Philipp Engel, der das Online-Ressort der Braunschweiger Zeitung verantwortet, spricht sich ebenfalls dafür aus, die Meinungsfreiheit so hoch wie möglich zu hängen. Die sogenannte Klatschpresse kalkuliere sogar Klagen ein, verstoße sie bewusst gegen das Persönlichkeitsrecht, wenn sie beispielsweise von Trennungen bestimmter Promis schreibt oder ihnen schwere Krankheiten „anhängt“.

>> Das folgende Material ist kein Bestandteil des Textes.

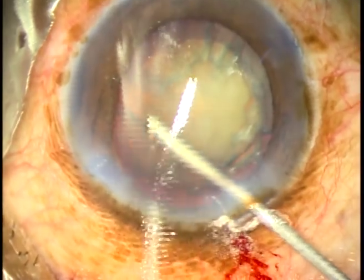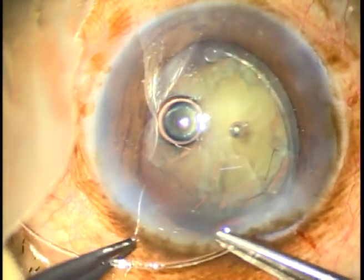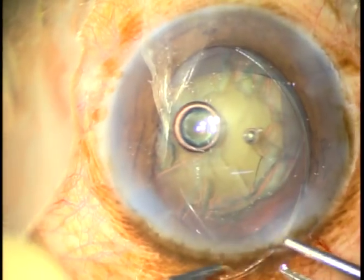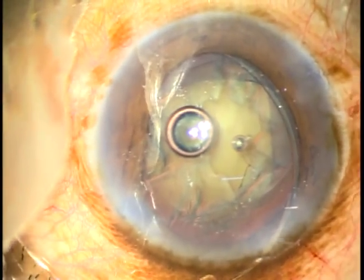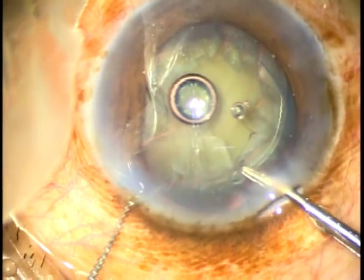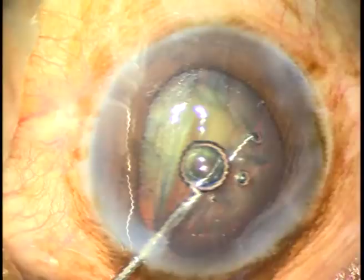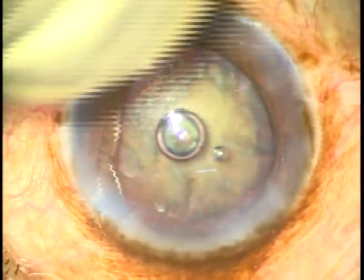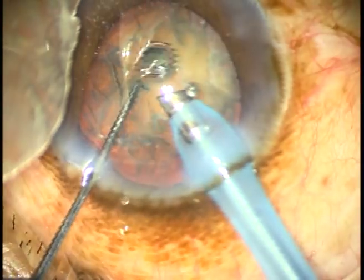I make the anterior chamber free of vitreous strands. Now, after injecting viscoelastic substance, I put the CTR. The leading end goes under the rhexis, under the anterior capsular rim. I hold the trailing end, introduce a Sinskey hook and try to place it. But I cannot release it. When this happens, take a chopper or another Sinskey hook in your right hand, go there and just press — the Sinskey hook has no other way but to release the trailing end of the CTR.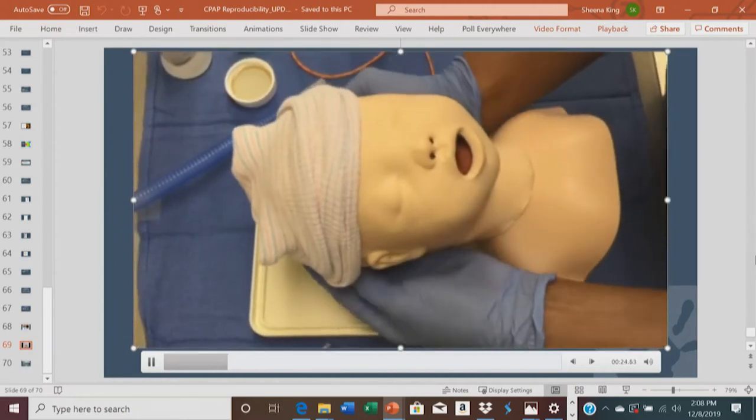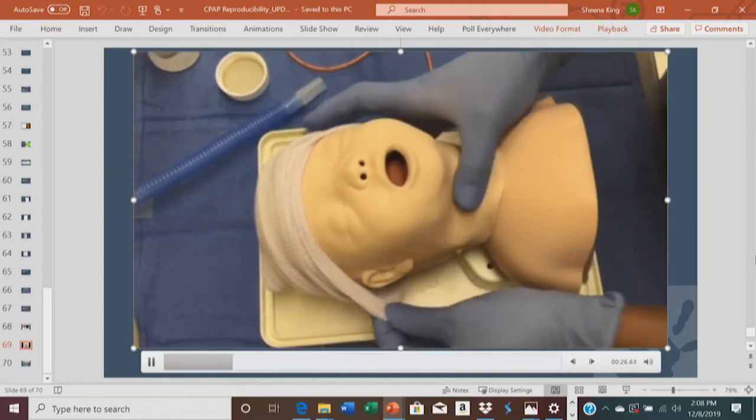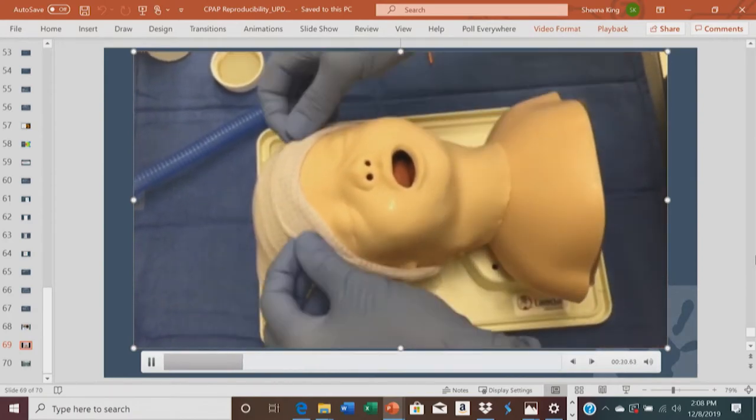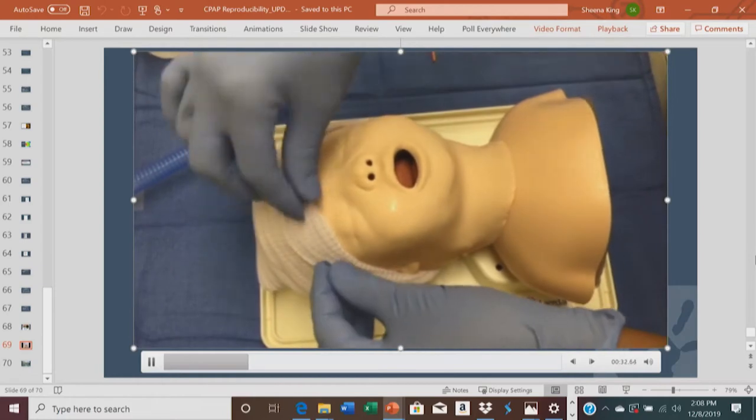Place the snugly fitting hat on the patient, covering the low occipital part of the head. We define snugly fitting as no more than one finger fitting under the hat.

Schwierig sei es derzeit für die Russen im eigenen Land, sich unabhängig zu informieren, geben die Experten zu. Freie Medien haben das Land auch aus Angst vor Verfolgung längst verlassen, ausschließlich staatlich gelenkte Medien informieren. „Da sieht man, welche Macht Medien haben können“, betont Engel. „Hier trifft nicht zu, recherchieren zu können, um gegenzuchecken. Denn mit Ausnahme der Staatsmedien ist alles gesperrt.“ Wer Kontakt zu Russen habe, der solle ihnen Artikel schicken, wie im Rest der Welt berichtet werde.

Schulfach Medienkompetenz wünschen sich alle Podiumsteilnehmer

Alle Experten sprechen sich schließlich für das Schulfach „Medienkompetenz“ aus, nachdem weitere Teilnehmer nach der Meinung fragten. „Das ist ein riesengroßes Feld, und ich finde das unheimlich wichtig“, erklärt Philipp Engel. Denn nicht nur die Fake News würden dazugehören, auch der Datenschutz etwa sei hier ein Thema. Carolin Scherf betont: „Meine Generation ist mit Medien bereits aufgewachsen, aber die heutigen Grundschulkinder sind es noch einmal ganz anders.“ Da gehe es um Grundkompetenzen – auch für Eltern und Lehrkräfte.